Recorded data:

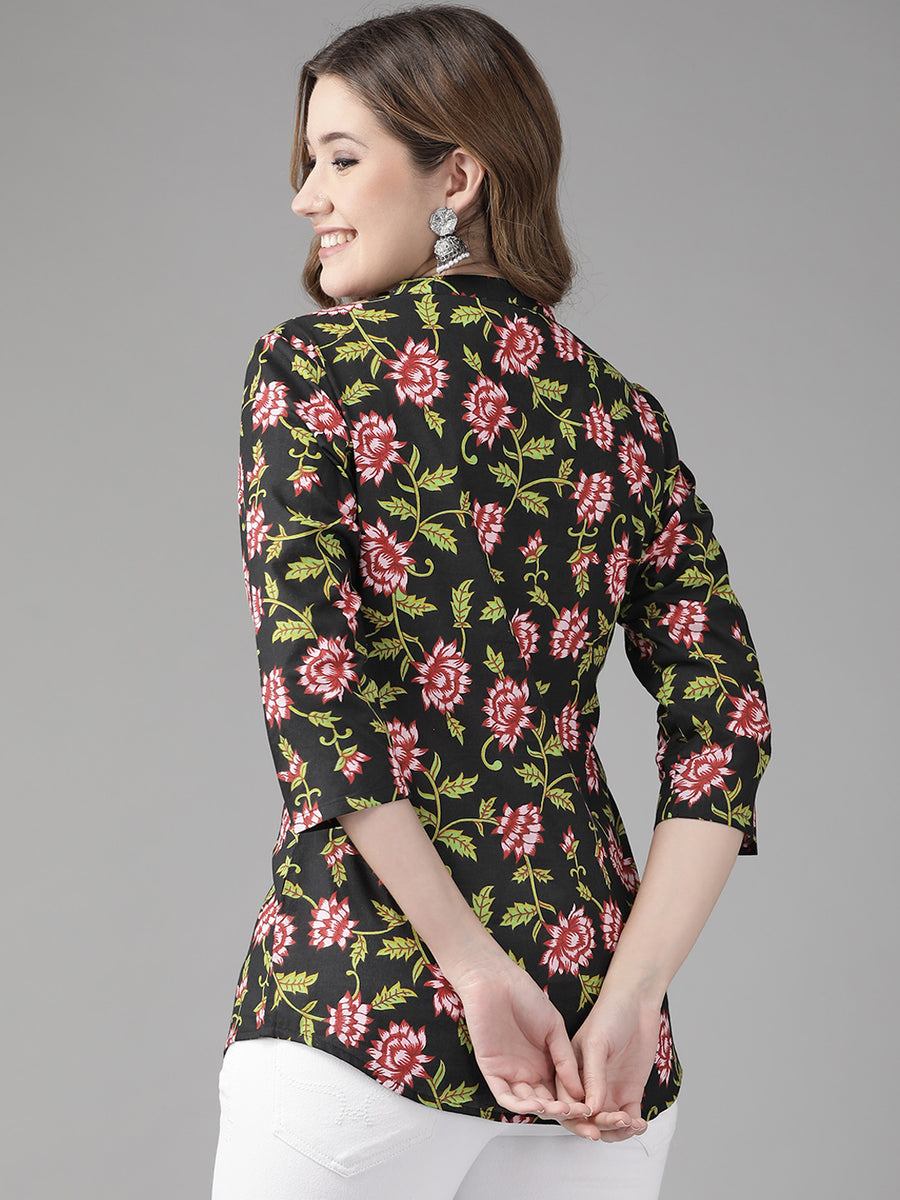 Black Floral Mandarin Collar Shirt Style Top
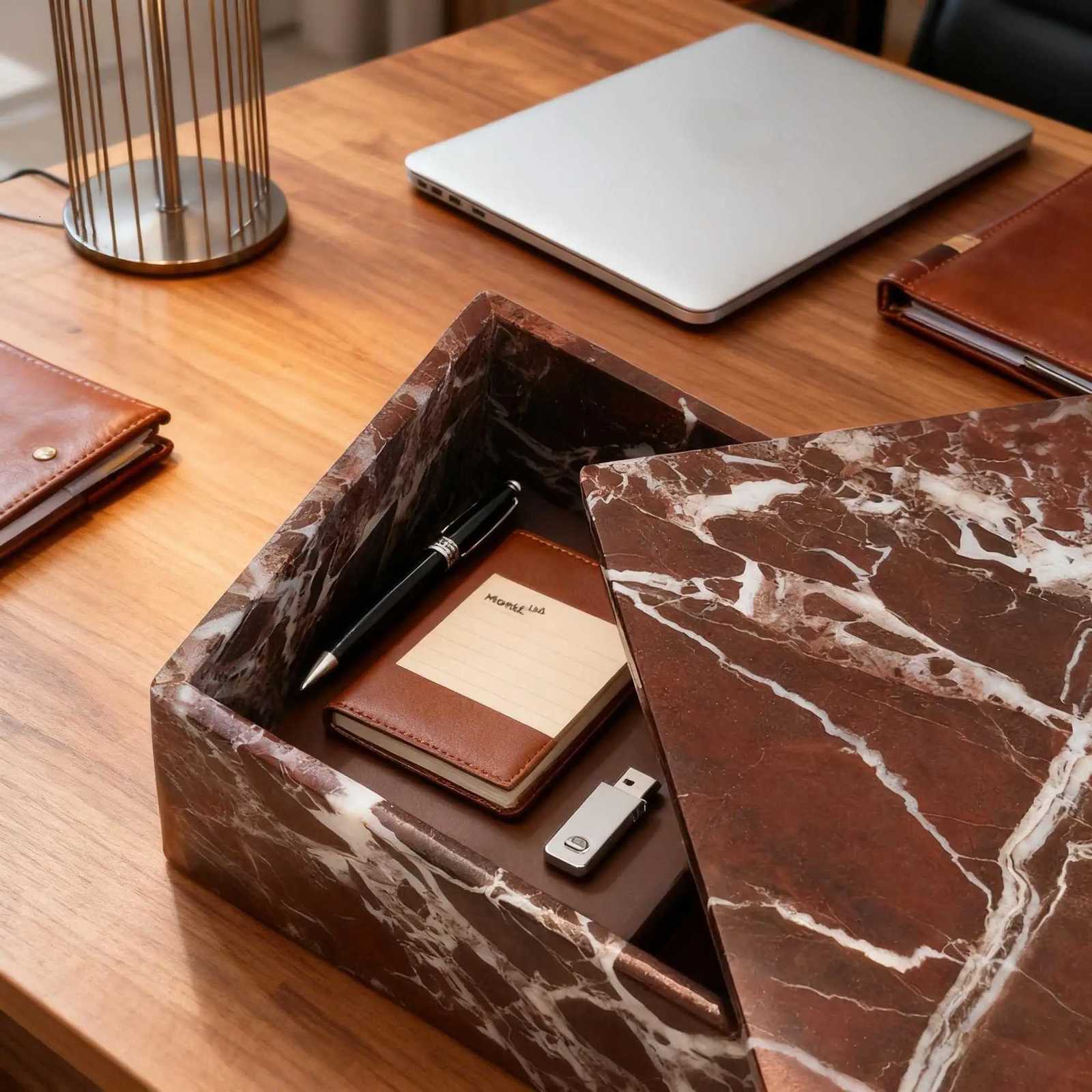 Natural Marble Cotton Swab Holder Rectangular Organizer for Qtips Makeup Bathroom Vanity Purple Stone Tray Box Y251129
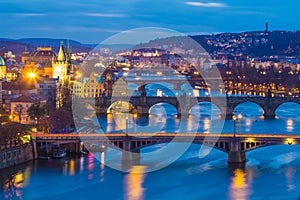 Prague bridges panorama during evening, Prague. Czech Republic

Action item: Apart from the images, print all the material above exactly as given.

Output for this task:
 Black Floral Mandarin Collar Shirt Style Top
 Natural Marble Cotton Swab Holder Rectangular Organizer for Qtips Makeup Bathroom Vanity Purple Stone Tray Box Y251129
 Prague bridges panorama during evening, Prague. Czech Republic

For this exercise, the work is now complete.